IMBRUVICA combination therapy resulted in an 88% overall response rate (ORR) in MCL patients with a complete response rate (CR) of 40%. These results were presented here at the 56th American Society of Hematology (ASH) Annual Meeting. IMBRUVICA is jointly developed and commercialized by Pharmacyclics and Janssen Biotech, Inc.

"The positive outcomes seen with IMBRUVICA in combination with rituximab reinforce our decision to pursue its full potential as a single-agent and in combination with other therapies, and underscores the potential IMBRUVICA may offer to patients living with hematologic malignancies," said Danelle James, M.D., M.S., Vice President, Clinical Development, Pharmacyclics. "We are committed to continuing to investigate IMBRUVICA to find the most appropriate options for patients."

Abstract 627: Ibrutinib and Rituximab are an Efficacious and Safe Combination in Relapsed Mantle Cell Lymphoma: Preliminary Results from a Phase II Clinical Trial

IMBRUVICA was combined with rituximab in a single-center, Phase II trial in 50 relapsed/refractory MCL patients. After a median follow-up of 11 months (range 4-16 months). In 34 evaluable patients with lower levels (< 50) of the Ki-67 protein, a known marker associated with cell growth, the ORR was 100% (56% CRs and 44% partial responses [PRs]). In 12 evaluable patients with higher Ki-67 (> 50%) protein levels, the ORR was 50% (8% CRs, 42% PRs).
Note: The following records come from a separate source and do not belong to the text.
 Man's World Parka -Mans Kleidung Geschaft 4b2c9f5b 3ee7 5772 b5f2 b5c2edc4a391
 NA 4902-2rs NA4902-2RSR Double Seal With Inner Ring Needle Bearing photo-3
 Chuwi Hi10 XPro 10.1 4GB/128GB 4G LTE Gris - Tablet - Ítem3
"IMBRUVICA combination findings demonstrated the potential impact the therapy may have beyond its current use as a single agent, and it may be an important option for certain patients who previously have been more difficult to treat," said Michael Wang, M.D., from the Department of Lymphoma/Myeloma at The University of Texas MD Anderson Cancer Center, Houston, TX, who discussed these findings in an oral presentation today.

The median duration of response (DOR) and progression-free survival (PFS) have not yet been reached.
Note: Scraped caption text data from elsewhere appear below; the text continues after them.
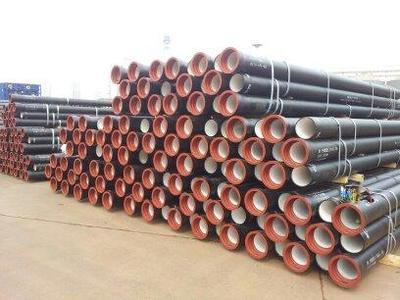 球墨鑄鐵管_球墨鑄鐵管供貨商_供應球墨鑄鐵管云南供應商_球墨鑄鐵管價格_澤州縣世紀球墨鑄造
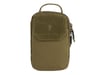 ELITE Pocket Organizer Çanta ELITE SURVIVAL SYSTEMS | Politak Store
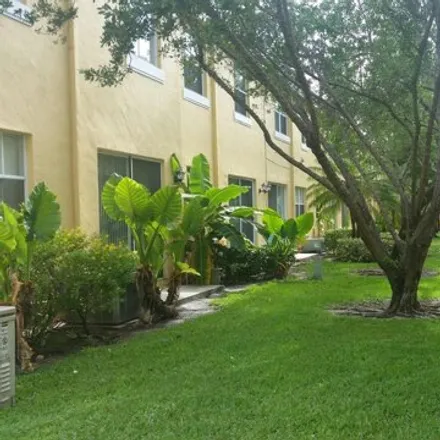 Image 2 - 2298 Shoma Drive, Royal Palm Beach, Palm Beach County, FL 33414, USA - House for rent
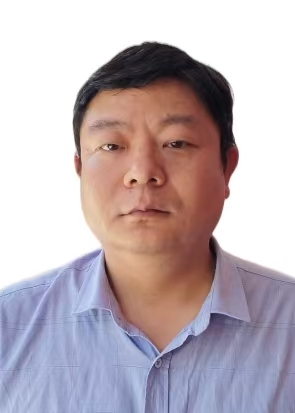 可许年少的第二张照片--宿迁相亲服务中心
Ten patients discontinued treatment during the study due to progressive MCL, all of whom had Ki-67 levels greater than 60% (range 50-100%). There were no deaths due to toxicity. Grade 1 hematologic toxicity events included anemia (30%) and thrombocytopenia (25%). The most common treatment-emergent, non-hematologic adverse events (occurring in >15% of patients treated with IMBRUVICA plus rituximab) included fatigue; diarrhea; myalgia and dyspnea. This combination has been well tolerated.

Abstract 1998: Addition of Rituximab Abrogates Ibrutinib-Induced Lymphocytosis and Promotes More Rapid Decrease in Absolute Lymphocyte Counts in Patients with Relapsed Chronic Lymphocytic Leukemia

Additionally, data from a multi-center, Phase Ib/II trial also suggest that when IMBRUVICA and rituximab are combined in patients with relapsed CLL, short-term lymphocytosis, which sometimes is associated with IMBRUVICA treatment, decreased and patients experienced faster clearing of leukemia cells from the bloodstream versus patients who received IMBRUVICA alone. These data were presented in a poster presentation on Saturday, December 6^th by Ekaterina Kim, M.S. from The University of Texas MD Anderson Cancer Center.
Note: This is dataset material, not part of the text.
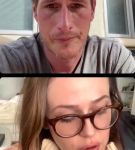 igtvbf_01_1884.jpeg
The median absolute lymphocyte count (ALC) during pre-treatment was similar in the IMBRUVICA single-agent and combination treatment arms (25 and 27.6 K/µl, respectively). In the IMBRUVICA single-agent arm, ALC levels rose immediately after treatment was started and began to stabilize. After four months of follow-up, patients in the combination therapy arm experienced a more rapid decrease in ALC levels, suggesting the combination decreased lymphocytosis over this period. Plasma levels of chemokines CCL3 and CCL4 are known to reflect the activation status of CLL cells. Concentration of both chemokines was significantly reduced after a week of treatment in both arms. Further analysis of the CCL3 and CCL4 patterns is still in progress.

No additional safety findings were reported.

Additional data on the combination of IMBRUVICA and rituximab previously were presented at the German Society for Haematology and Medical Oncology annual meeting in October 2014 and published in The Lancet Oncology in August 2014.